What is the guarantee of transparency and accountability at every stage? So far there have only been ominous signs of just the opposite. The Centre is flaunting such a mega project like interlinking of rivers without detailed surveys – which would take years to complete – and concrete cost-benefit assessment. Only a few maps, purported to have been taken out of the Hashim Commission report, are doing the rounds in the media. But it is claimed that the plan has been technically upheld by the Technical Advisory Committee of the Ministry of Water Resources, the Central Water Commission and the National Commission on Integrated Water Resources Development Plan and that the studies have been ratified by engineers, sociologists and economists and so on. If this is so, why these are shrouded by secrecy? Addressing a FICCI conference recently in March this year Suresh Prabhu made the astounding claim that the project for interlinking the rivers would create 35,000 to 40,000 MWs of hydel power. How? This he did not bother to explain. Pulling these numbers out of a hat might make a good pre-election gimmick, but this cannot be allowed to fool people. A.Vaidyanathan has rightly demanded that the least that Suresh Prabhu, head of the task force on interlinking rivers, could do is to make all the relevant reports and documents available to the public for a thorough scrutiny.

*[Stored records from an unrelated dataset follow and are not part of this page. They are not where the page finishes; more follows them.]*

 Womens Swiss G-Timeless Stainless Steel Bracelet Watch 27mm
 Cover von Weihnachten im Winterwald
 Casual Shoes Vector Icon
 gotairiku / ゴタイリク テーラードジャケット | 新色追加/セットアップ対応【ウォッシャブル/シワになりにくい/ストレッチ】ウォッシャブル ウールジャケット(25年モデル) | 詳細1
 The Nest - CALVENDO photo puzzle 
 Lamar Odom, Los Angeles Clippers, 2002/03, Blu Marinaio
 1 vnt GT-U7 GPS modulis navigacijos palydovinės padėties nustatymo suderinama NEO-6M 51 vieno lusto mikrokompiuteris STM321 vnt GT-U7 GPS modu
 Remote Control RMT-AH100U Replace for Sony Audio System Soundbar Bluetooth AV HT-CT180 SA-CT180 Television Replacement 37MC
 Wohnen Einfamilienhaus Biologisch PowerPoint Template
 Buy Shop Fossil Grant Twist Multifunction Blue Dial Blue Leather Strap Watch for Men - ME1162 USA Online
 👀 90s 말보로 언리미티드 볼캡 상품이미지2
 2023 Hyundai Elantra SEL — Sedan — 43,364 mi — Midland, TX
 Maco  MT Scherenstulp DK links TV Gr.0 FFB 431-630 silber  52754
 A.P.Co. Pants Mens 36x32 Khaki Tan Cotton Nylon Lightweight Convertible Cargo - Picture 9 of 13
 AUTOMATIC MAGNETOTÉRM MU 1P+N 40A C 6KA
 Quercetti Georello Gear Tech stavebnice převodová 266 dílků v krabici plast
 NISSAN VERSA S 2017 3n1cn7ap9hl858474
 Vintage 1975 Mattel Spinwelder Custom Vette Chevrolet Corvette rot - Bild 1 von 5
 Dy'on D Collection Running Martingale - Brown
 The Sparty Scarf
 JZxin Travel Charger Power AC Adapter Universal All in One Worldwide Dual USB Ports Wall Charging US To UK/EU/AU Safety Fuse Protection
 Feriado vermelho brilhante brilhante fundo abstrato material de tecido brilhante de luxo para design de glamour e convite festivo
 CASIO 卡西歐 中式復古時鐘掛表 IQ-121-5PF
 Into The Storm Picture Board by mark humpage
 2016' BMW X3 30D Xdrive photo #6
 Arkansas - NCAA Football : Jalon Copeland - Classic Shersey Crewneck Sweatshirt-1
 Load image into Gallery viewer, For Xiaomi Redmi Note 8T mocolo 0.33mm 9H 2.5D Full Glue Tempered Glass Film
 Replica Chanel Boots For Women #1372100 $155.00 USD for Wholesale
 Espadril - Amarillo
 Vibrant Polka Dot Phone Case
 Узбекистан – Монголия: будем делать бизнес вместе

Water is an essential for all people. This is why corporations are so keen to make it a marketable commodity rather than a human right. It is also why it is imperative that all citizens must vigilantly on having an informed say in all matters pertaining to this precious resource, to make sure that policies are made to ensure water for all, not water which flows through people’s hands into the profit-making tanks of a few.